Nombraste a Blaisten y me acordé del prólogo que escribiste en la colección Los Recobrados que editó Capital Intelectual ¿Por qué creés que hubo en la literatura argentina todo un canon de escritores que quedaron olvidados para las editoriales?
Eso ocurre ya en todas las literaturas del mundo. Tenemos una relación tan grande con lo inmediato que lo que no ocurrió hace diez minutos creemos que no ocurrió, y no importa qué es lo que ocurrió, lo que importa es que haya ocurrido hace diez minutos. Un ejemplo de esos son los diarios. No importa qué sucedió sino que esté la noticia de último momento. La noticia de último momento puede ser la muerte del Papa, una corista que se acostó con un chancho, un tipo que le robó los anteojos a la madre y los empeñó, una violación, o un premio nobel. No importa el nivel. Qué ocurrió no importa, pero ocurrió a último momento. Entonces, escritores como Kordon o como Benito Lynch no son de último momento dan la impresión que no existen, pero esos no existieron nada más que para los que no tienen la menor idea de lo que es la cultura y lo que es la literatura.
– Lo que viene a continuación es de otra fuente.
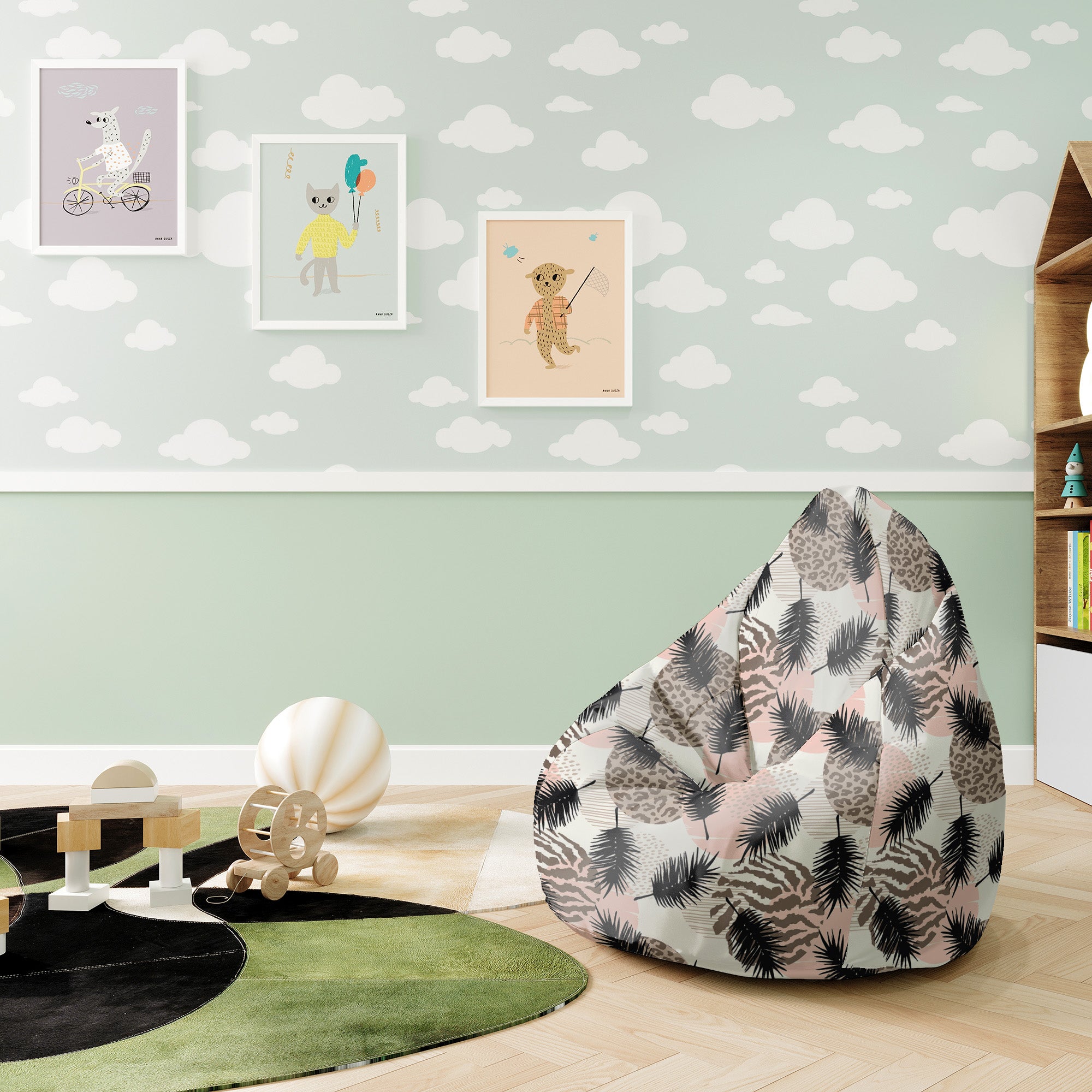 Pearshape Pouf Animal and Tropical Geometric-S-Velvet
Porque sí existieron y van a quedar. Del mismo modo que algunos leen a Cervantes o leen a Shakespeare o leen a los griegos, esos escritores se van a seguir leyendo. 

Finalmente, el ajedrez ¿cuándo apareció?
El ajedrez apareció en la niñez; sino aparece en la niñez no aparece nunca. Tendría ocho o diez años cuando empecé a mover las piezas. Después dejé de jugar porque me insumía mucho tiempo, a los dieciocho años. Cuando se hizo el Mundial Juvenil de ajedrez, yo me clasifiqué en mi zona, para el que ganó (Oscar) Panno, y ahí decidí que no jugaba más. Muchos años después volví a jugar porque me tentaron mis amigos de San Pedro, y ahí decidí que tenía que ganar el torneo mayor de San Pedro. Era una especie de berretín que me había quedado de la adolescencia. Lo gané y seguí jugando algunos torneos, y también un día dejé porque se transforma en lo esencial. Freud, por ejemplo, que era un muy buen ajedrecista, dijo que tenía que abandonar el ajedrez porque de lo contrario no iba a hacer nunca nada de su vida. Es el más hermoso de todos los juegos”.